What to do: Retrieve every line of the data holding the word "Young".

[[ Extracted information, beginning ]]

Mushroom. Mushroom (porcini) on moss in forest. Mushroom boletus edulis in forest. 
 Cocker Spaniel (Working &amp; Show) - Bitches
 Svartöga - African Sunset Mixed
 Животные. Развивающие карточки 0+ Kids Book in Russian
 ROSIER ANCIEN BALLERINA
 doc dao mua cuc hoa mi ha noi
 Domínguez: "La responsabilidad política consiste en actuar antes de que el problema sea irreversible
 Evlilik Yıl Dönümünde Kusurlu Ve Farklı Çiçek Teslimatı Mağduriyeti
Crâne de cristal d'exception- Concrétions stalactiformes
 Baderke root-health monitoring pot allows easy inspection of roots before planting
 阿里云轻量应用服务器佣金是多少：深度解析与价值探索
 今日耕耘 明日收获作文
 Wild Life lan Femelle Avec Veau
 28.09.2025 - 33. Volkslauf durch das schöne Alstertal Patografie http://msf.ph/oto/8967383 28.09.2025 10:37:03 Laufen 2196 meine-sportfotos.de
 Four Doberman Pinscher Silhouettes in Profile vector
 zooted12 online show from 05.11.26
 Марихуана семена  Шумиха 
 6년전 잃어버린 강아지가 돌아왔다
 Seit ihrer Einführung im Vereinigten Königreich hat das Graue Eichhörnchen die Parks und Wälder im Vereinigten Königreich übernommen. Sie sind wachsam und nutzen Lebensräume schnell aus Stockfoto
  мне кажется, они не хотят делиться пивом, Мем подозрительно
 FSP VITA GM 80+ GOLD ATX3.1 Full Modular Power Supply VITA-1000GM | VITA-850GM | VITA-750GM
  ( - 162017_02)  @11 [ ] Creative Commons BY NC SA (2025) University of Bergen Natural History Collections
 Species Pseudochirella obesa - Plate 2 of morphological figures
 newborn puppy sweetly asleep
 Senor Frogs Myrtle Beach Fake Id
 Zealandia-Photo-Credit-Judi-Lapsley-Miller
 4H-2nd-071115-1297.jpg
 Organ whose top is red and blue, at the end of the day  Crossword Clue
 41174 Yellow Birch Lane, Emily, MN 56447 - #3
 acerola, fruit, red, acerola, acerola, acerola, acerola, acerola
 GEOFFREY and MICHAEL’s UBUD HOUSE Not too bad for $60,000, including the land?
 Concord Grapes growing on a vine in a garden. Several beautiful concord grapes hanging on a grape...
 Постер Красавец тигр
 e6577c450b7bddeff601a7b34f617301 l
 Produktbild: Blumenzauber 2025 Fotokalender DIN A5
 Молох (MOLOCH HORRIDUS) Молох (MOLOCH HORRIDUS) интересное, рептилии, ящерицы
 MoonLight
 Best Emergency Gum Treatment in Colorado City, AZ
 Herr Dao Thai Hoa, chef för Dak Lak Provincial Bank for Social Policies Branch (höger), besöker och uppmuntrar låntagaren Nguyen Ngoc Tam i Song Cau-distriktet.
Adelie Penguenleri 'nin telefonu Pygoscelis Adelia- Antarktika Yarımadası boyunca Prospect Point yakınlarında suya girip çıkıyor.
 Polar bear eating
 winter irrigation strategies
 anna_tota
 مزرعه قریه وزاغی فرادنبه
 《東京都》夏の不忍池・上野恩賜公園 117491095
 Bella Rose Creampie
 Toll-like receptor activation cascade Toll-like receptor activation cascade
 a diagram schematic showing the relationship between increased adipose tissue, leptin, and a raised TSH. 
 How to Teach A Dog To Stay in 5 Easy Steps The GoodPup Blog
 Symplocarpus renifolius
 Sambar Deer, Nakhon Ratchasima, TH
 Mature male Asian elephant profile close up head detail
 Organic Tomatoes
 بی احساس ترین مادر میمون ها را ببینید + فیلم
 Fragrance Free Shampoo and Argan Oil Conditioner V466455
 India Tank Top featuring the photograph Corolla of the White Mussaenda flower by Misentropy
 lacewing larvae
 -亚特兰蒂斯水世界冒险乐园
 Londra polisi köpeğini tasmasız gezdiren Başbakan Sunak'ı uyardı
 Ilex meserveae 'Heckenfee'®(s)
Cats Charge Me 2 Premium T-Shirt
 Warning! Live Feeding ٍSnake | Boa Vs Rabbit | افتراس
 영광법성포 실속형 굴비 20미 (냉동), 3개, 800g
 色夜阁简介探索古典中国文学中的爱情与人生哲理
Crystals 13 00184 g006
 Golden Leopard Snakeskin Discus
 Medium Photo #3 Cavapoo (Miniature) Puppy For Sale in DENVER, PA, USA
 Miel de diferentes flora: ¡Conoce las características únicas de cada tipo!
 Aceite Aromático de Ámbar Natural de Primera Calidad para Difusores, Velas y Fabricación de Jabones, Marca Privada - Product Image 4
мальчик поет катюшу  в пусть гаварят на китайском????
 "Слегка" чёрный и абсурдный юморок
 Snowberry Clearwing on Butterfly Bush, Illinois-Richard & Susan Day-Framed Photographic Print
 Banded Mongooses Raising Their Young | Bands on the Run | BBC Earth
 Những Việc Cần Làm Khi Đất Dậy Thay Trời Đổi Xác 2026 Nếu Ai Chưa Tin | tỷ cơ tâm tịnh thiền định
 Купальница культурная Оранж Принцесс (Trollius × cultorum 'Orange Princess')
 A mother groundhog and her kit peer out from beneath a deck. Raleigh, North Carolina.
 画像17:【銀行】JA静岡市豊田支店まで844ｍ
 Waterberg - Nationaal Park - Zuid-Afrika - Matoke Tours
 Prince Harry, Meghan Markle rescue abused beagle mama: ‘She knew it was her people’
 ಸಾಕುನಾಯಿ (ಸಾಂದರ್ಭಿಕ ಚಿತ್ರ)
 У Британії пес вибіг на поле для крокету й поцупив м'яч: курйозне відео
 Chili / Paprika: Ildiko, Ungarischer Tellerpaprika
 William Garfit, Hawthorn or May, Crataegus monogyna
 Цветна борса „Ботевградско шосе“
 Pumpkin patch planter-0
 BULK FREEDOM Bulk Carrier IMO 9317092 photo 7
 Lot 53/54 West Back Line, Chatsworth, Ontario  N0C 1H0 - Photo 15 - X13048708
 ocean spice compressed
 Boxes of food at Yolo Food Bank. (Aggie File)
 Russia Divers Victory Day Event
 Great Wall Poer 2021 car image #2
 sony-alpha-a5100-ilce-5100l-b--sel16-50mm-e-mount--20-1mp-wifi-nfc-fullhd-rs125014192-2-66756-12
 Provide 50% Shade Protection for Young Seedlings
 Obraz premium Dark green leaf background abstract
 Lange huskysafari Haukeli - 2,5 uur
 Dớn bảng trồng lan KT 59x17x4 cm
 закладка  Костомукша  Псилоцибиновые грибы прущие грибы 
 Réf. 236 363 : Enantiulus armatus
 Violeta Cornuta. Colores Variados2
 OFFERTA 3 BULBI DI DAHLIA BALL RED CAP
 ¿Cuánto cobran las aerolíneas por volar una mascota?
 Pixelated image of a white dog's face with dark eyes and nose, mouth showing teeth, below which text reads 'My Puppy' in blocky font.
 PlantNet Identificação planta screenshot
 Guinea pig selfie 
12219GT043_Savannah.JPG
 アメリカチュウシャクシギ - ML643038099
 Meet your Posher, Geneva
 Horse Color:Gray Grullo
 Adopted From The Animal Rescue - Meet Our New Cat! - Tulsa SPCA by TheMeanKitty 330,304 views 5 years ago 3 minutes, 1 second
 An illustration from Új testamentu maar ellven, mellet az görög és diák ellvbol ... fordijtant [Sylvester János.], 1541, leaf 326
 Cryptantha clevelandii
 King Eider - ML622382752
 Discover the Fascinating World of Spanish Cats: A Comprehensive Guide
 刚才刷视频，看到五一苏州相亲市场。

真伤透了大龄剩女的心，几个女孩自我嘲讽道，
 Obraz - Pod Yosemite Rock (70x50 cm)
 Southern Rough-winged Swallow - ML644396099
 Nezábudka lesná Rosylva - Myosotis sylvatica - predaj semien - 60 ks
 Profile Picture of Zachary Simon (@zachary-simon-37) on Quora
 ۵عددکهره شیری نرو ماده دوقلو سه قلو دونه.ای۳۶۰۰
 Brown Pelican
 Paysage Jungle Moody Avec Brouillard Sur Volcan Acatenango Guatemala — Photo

[[ Extracted information, end ]]

Response to this exercise:
 Banded Mongooses Raising Their Young | Bands on the Run | BBC Earth
 Provide 50% Shade Protection for Young Seedlings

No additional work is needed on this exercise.